Seminar Seung-Wook Ha

The occurrence of gas in shallow subsurface environments is increasingly driven not only by natural processes but also by emerging subsurface technologies, including geological CO₂ storage, underground hydrogen storage, and hydrocarbon production. Shallow subsurface environments such as weathered soils/rocks commonly exhibit multiscale heterogeneity, including fracture traces that can strongly perturb flow and transport. This study investigates how open fractures embedded in porous media govern the spatiotemporal behavior of CO₂ under shallow, heterogeneous conditions.

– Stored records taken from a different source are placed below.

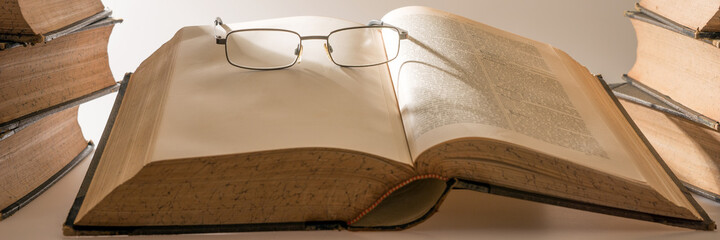 Antique book with glasses isolated. Panoramic image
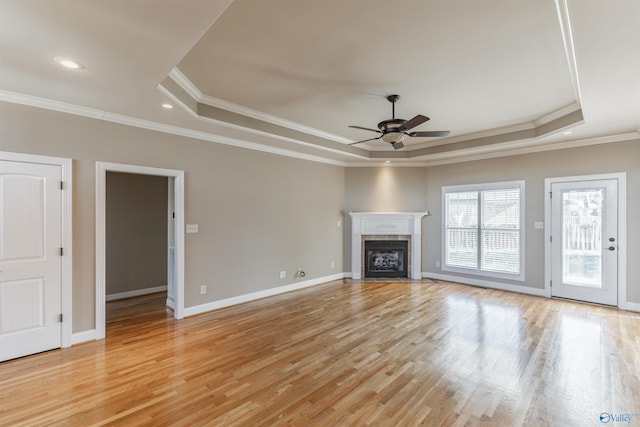 unfurnished living room featuring a tray ceiling, ceiling fan, crown molding, and light wood-type flooring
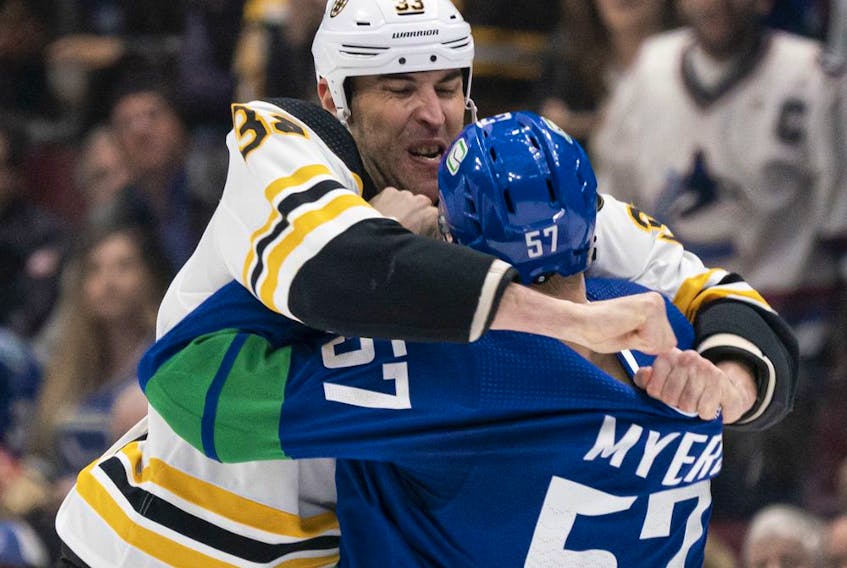 VANCOUVER, BC - FEBRUARY 22: Zdeno Chara #33 of the Boston Bruins and Tyler Myers #57 of the Vancouver Canucks get tangled up at centre ice during NHL action at Rogers Arena on February 22, 2020 in Vancouver, Canada.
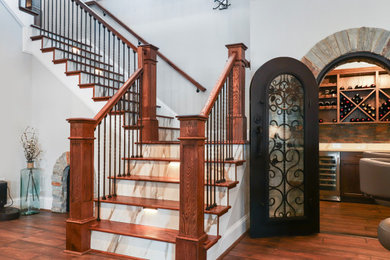 Inspiration for a transitional dark wood floor wine cellar remodel in Raleigh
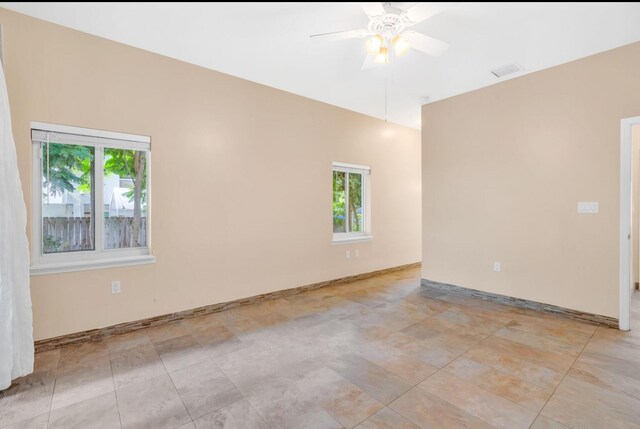 spare room with ceiling fan and a wealth of natural light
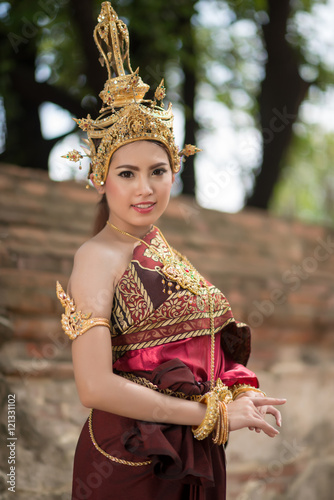 Beautiful asian woman portrait wearing typical thai dress with t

We first conducted a field-scale controlled CO₂ release experiments under induced groundwater-flow conditions to monitor CO₂ behavior in a realistic shallow subsurface environment. Based on field observations indicating fractured porous domains as likely migration pathways, we then performed laboratory visualization experiments to directly observe CO₂ migration and dissolution in fractured porous media. Additional experiments systematically examined the combined effects of fracture orientation and background flow on CO₂ distribution.
Across field and laboratory scales, results show that open fractures can exert a dominant control on CO₂ behavior. Depending on their orientation relative to groundwater flow, fractures may function not only as preferential pathways but also as effective barriers, even when apertures are present. Moreover, the pathway–barrier behavior was further modulated by the background flow velocity. These findings are supported by high-resolution maps of gas-phase and dissolved CO₂ reconstructed through image-based analysis, providing intuitive and diagnostic signatures of fracture-controlled transport.

These results highlight the necessity of explicitly considering fracture traces in the shallow subsurface for effective gas monitoring, and this improved understanding is expected to enable more realistic predictions of gas behavior and support successful environmental management.